Capturing a lambda in another lambda can violate const qualifiers

I'll start by addressing your second question first. std::function type erases, and holds a copy of the functor it's initialized with. That means there's a layer of indirection between std::function::operator() and the actual functor's operator().

Envision if you will, holding something in your class by pointer. Then you may call a mutating operation on the pointee from a const member function of your class, because it doesn't affect (in a shallow view) the pointer that the class holds. This is a similar situation to what you observed.

As for your first question... "Always" is too strong a word. It depends on your goal.

  1. If you want to support self mutating functors easily, then you should capture in a mutable lambda. But beware it may affect the library functions you may call now.

  2. If you wish to favor non-mutating operations, then a non-mutable lambda. I say "favor" because as we observed, the type system can be "fooled" with an extra level of indirection. So the approach you prefer is only going to be easier to use, not impossible to go around. This is as the sage advice goes, make correct use of your API easy, and incorrect harder.


Does this mean that if I have a library function that accepts an arbitrary function argument and captures it in a lambda, I always need to make that lambda mutable, because I don't know what users can pass in?

That's a design decision for your library API. You can require client code to pass function objects with a const-qualified operator() (which is the case for non-mutable lambda expressions). If something different is passed, a compiler error is triggered. But if the context might require a function object argument that modifies its state, then yes, you have to make the internal lambda mutable.
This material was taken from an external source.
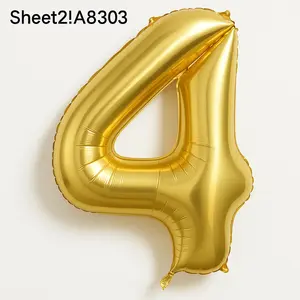 Large Gold Foil Number 4 Balloon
An alternative would be to dispatch on the ability to invoke operator() on a const-qualified instance of the given function type. Something along those lines (note that this needs a fix for function objects with both const and non-const operator(), which results in an ambiguity):

template <class Fct>
auto wrap(Fct&& f) -> decltype(f(), void())
{
   [fct = std::forward<Fct>(f)]() mutable { fct(); }();
}

template <class Fct>
auto wrap(Fct&& f) -> decltype(std::declval<const Fct&>()(), void())
{
   [fct = std::forward<Fct>(f)]() { fct(); }();
}

Notably, wrapping f1 in std::function seems to resolve this problem (how?).

This is a bug in std::function due to its type-erasure and copy semantics. It allows non-const-qualified operator() to be invoked, which can be verified with such a snippet:

const std::function<void()> f = [i = 0]() mutable { ++i; };

f(); // Shouldn't be possible, but unfortunately, it is

This is a known issue, it's worth checking out Titus Winter's complaint on this.